Re: [PATCH v3 2/2] vfio/type1: optimize vfio_unpin_pages_remote() for large folio

From: David Hildenbrand
Date: Mon Jun 16 2025 - 07:19:29 EST


On 16.06.25 13:13, lizhe.67@xxxxxxxxxxxxx wrote:
On Mon, 16 Jun 2025 10:14:23 +0200, david@xxxxxxxxxx wrote:

drivers/vfio/vfio_iommu_type1.c | 55 +++++++++++++++++++++++++++------
1 file changed, 46 insertions(+), 9 deletions(-)

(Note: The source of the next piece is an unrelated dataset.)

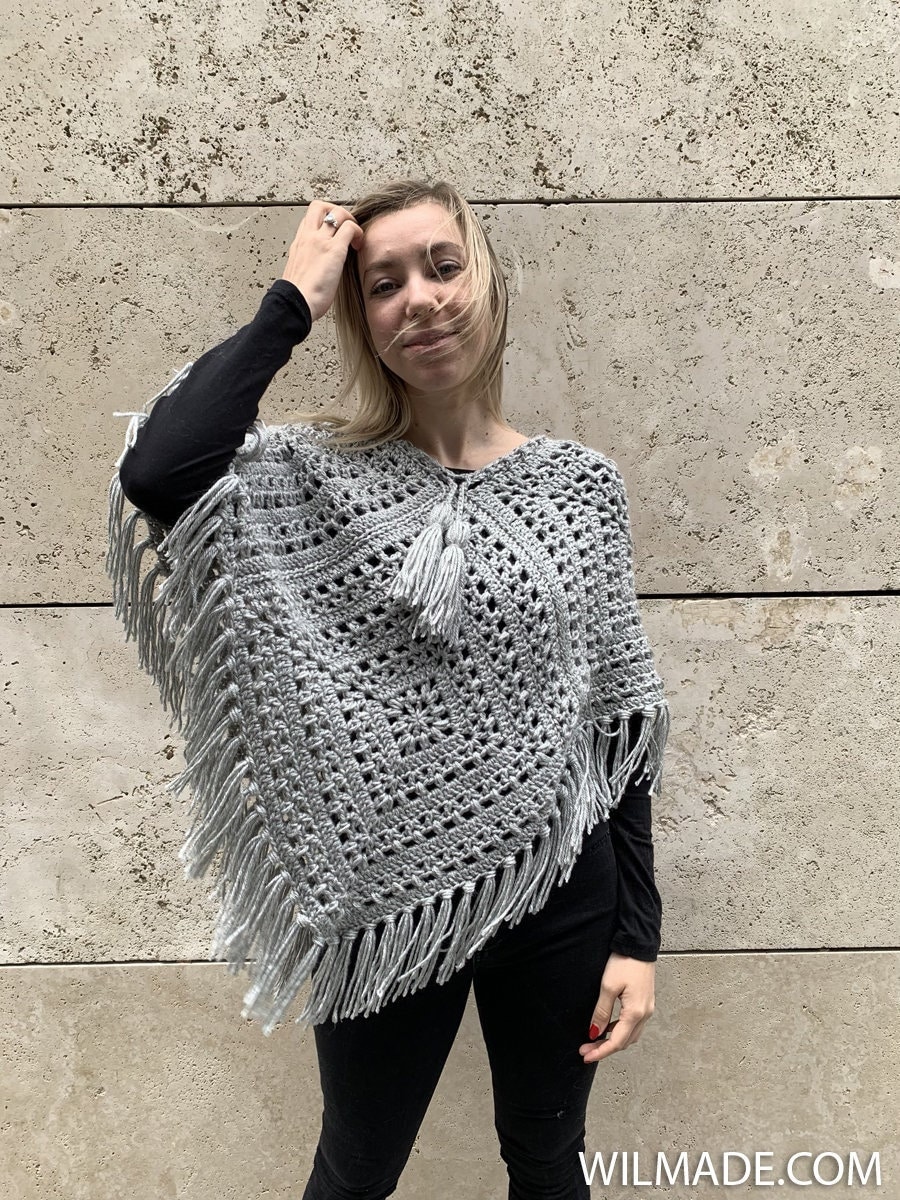 CROCHET PATTERN + VIDEO - Tulip Square Poncho - Granny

diff --git a/drivers/vfio/vfio_iommu_type1.c b/drivers/vfio/vfio_iommu_type1.c
index e952bf8bdfab..09ecc546ece8 100644
--- a/drivers/vfio/vfio_iommu_type1.c
+++ b/drivers/vfio/vfio_iommu_type1.c
@@ -469,17 +469,28 @@ static bool is_invalid_reserved_pfn(unsigned long pfn)
return true;
}
-static int put_pfn(unsigned long pfn, int prot)
+static inline void _put_pfns(struct page *page, int npages, int prot)
{
- if (!is_invalid_reserved_pfn(pfn)) {
- struct page *page = pfn_to_page(pfn);
+ unpin_user_page_range_dirty_lock(page, npages, prot & IOMMU_WRITE);
+}
- unpin_user_pages_dirty_lock(&page, 1, prot & IOMMU_WRITE);
- return 1;
+/*
+ * The caller must ensure that these npages PFNs belong to the same folio.
+ */
+static inline int put_pfns(unsigned long pfn, int npages, int prot)
+{
+ if (!is_invalid_reserved_pfn(pfn)) {
+ _put_pfns(pfn_to_page(pfn), npages, prot);
+ return npages;
}
return 0;
}
+static inline int put_pfn(unsigned long pfn, int prot)
+{
+ return put_pfns(pfn, 1, prot);
+}
+
#define VFIO_BATCH_MAX_CAPACITY (PAGE_SIZE / sizeof(struct page *))
static void __vfio_batch_init(struct vfio_batch *batch, bool single)
@@ -806,11 +817,37 @@ static long vfio_unpin_pages_remote(struct vfio_dma *dma, dma_addr_t iova,
bool do_accounting)
{
long unlocked = 0, locked = vpfn_pages(dma, iova, npage);
- long i;
- for (i = 0; i < npage; i++)
- if (put_pfn(pfn++, dma->prot))
- unlocked++;
+ while (npage) {
+ long nr_pages = 1;
+
+ if (!is_invalid_reserved_pfn(pfn)) {
+ struct page *page = pfn_to_page(pfn);
+ struct folio *folio = page_folio(page);
+ long folio_pages_num = folio_nr_pages(folio);
+
+ /*
+ * For a folio, it represents a physically
+ * contiguous set of bytes, and all of its pages
+ * share the same invalid/reserved state.
+ *
+ * Here, our PFNs are contiguous. Therefore, if we
+ * detect that the current PFN belongs to a large
+ * folio, we can batch the operations for the next
+ * nr_pages PFNs.
+ */
+ if (folio_pages_num > 1)
+ nr_pages = min_t(long, npage,
+ folio_pages_num -
+ folio_page_idx(folio, page));
+
+ _put_pfns(page, nr_pages, dma->prot);


This is sneaky. You interpret the page pointer a an actual page array,
assuming that it would give you the right values when advancing nr_pages
in that array.

This is mostly true, but with !CONFIG_SPARSEMEM_VMEMMAP it is not
universally true for very large folios (e.g., in a 1 GiB hugetlb folio
when we cross the 128 MiB mark on x86).

Not sure if that could already trigger here, but it is subtle.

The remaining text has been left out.